» Dataset records
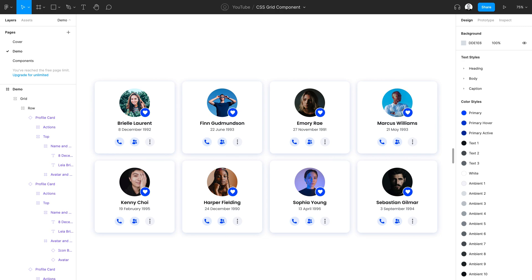Hello and welcome everyone. Today I'm going to be sharing how to create a CSS grid component in Figma. So before we get started, I actually just want to demo really quick what it looks like when we use auto layout to build a grid.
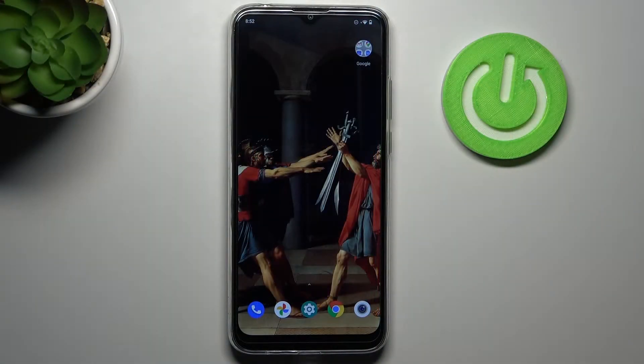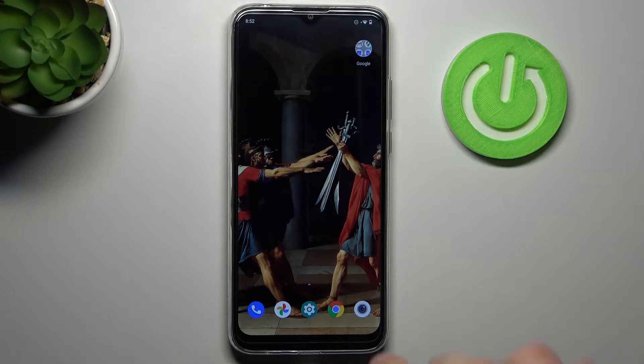Here I have Motorola Moto G8 PowerLite and today I'm going to show you how to change system language on this device.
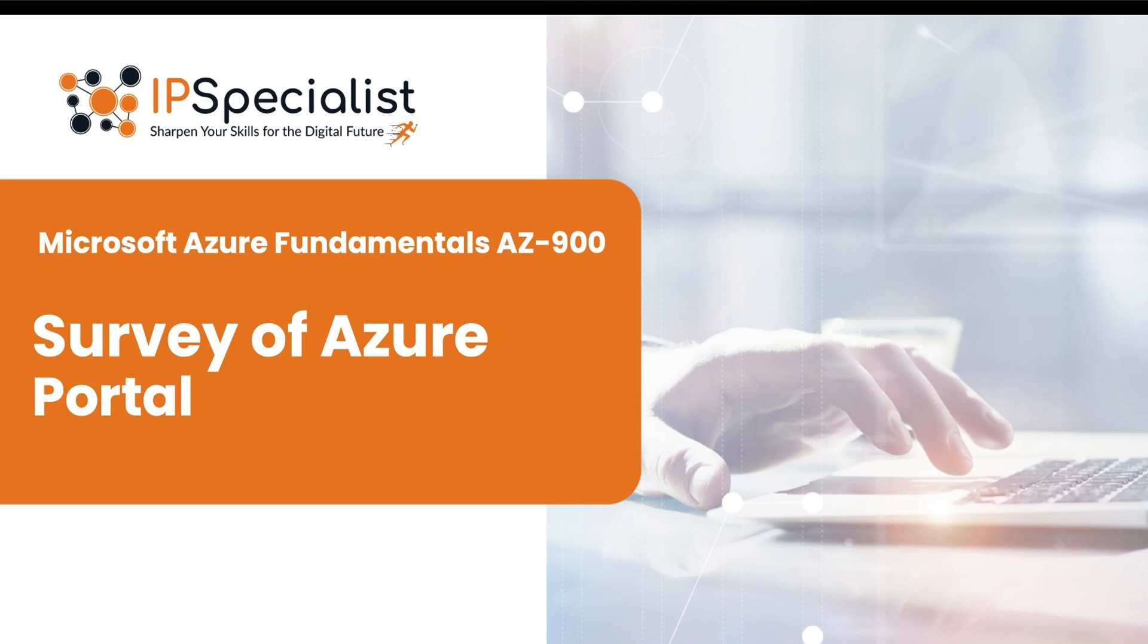Hello everyone, today we are going to explore the fascinating world of Azure portal. We will take a brief survey of its features, interface and the customization options available.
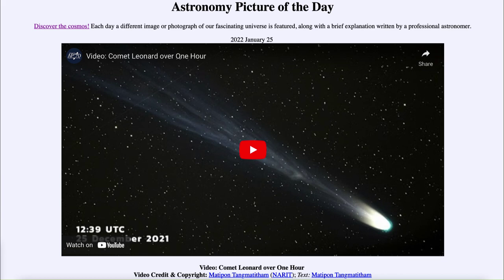...for January 25th of 2022 is titled 'Video: Comet Leonard Over One Hour.' We see an image of Comet Leonard, which was quite prominent back in December and was a very nice comet. Here we see a video clip of it that will run just a few seconds.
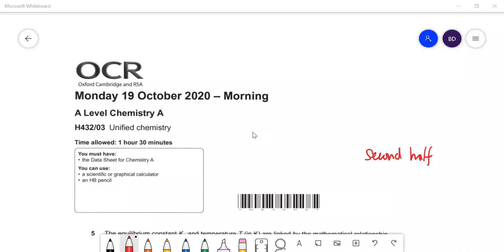In this video I'm going to go through the OCR A-level chemistry paper. This is paper three from 2020, and this is the second half of the paper — I did the first half in an earlier video.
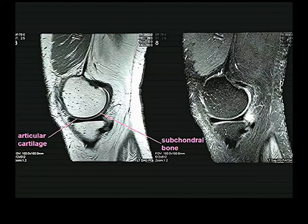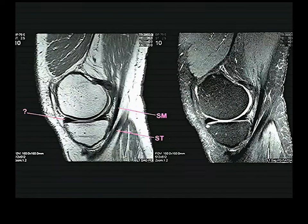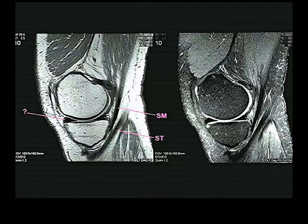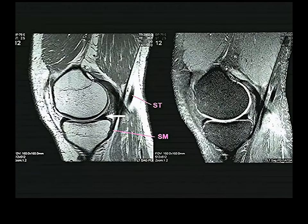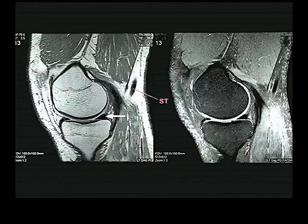Going further medially, we see the medial meniscus — specifically the anterior arm and the posterior arm on the posterior side of the joint. The meniscus appears as a dark triangular structure, which makes sense since it's fibrocartilage.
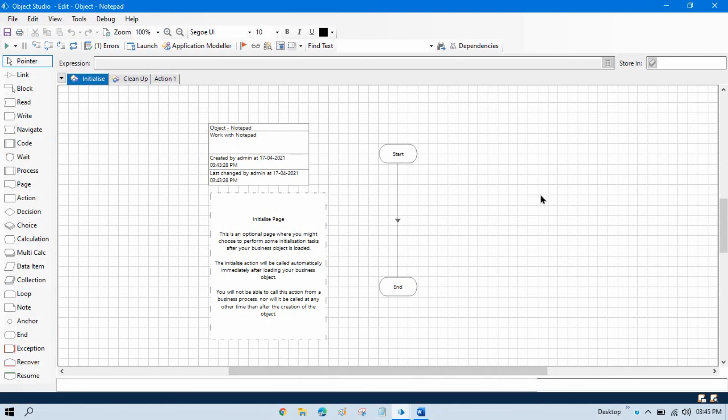We will discuss the difference between Process Studio and Object Studio in the next video.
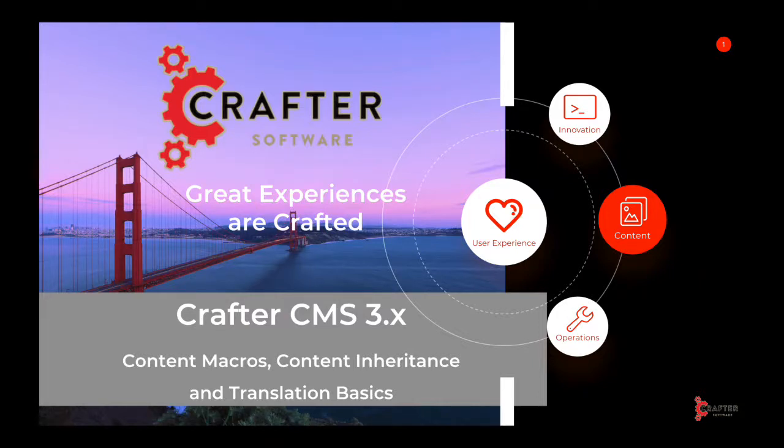In this video, we're going to look at content macros, basic content inheritance, and basic content translation support in CrafterCMS.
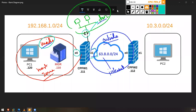Hello everyone, this is Rohit Manohar and welcome back to the Checkpoint Lab Training. For this video we'll be discussing about policy rules based on zones. We'll do a little bit of theory and then jump into the lab as soon as possible.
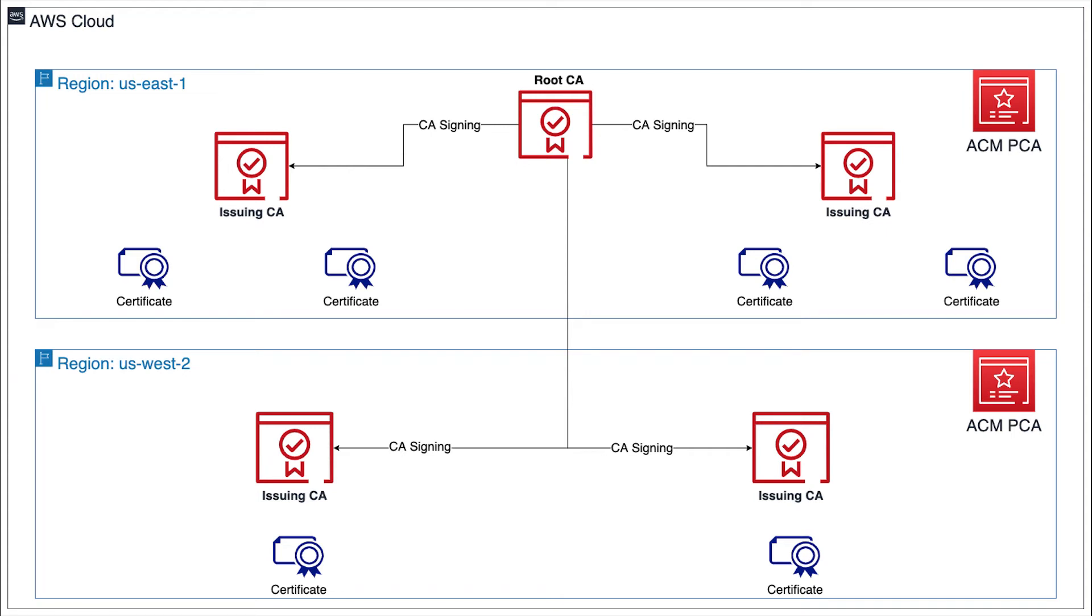Hello everyone. In this brief video, I'd like to discuss disaster recovery strategies for your public key infrastructure in AWS using ACM Private CA, and provide some examples of established patterns for creating resilient CA hierarchies in AWS.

» Work request
From the line containing "Going further medially, we" down to the end of the listing above, every line is to be returned exactly, though the pictures are not.

» Task result
Going further medially, we see the medial meniscus — specifically the anterior arm and the posterior arm on the posterior side of the joint. The meniscus appears as a dark triangular structure, which makes sense since it's fibrocartilage.
We will discuss the difference between Process Studio and Object Studio in the next video.
In this video, we're going to look at content macros, basic content inheritance, and basic content translation support in CrafterCMS.
Hello everyone, this is Rohit Manohar and welcome back to the Checkpoint Lab Training. For this video we'll be discussing about policy rules based on zones. We'll do a little bit of theory and then jump into the lab as soon as possible.
Hello everyone. In this brief video, I'd like to discuss disaster recovery strategies for your public key infrastructure in AWS using ACM Private CA, and provide some examples of established patterns for creating resilient CA hierarchies in AWS.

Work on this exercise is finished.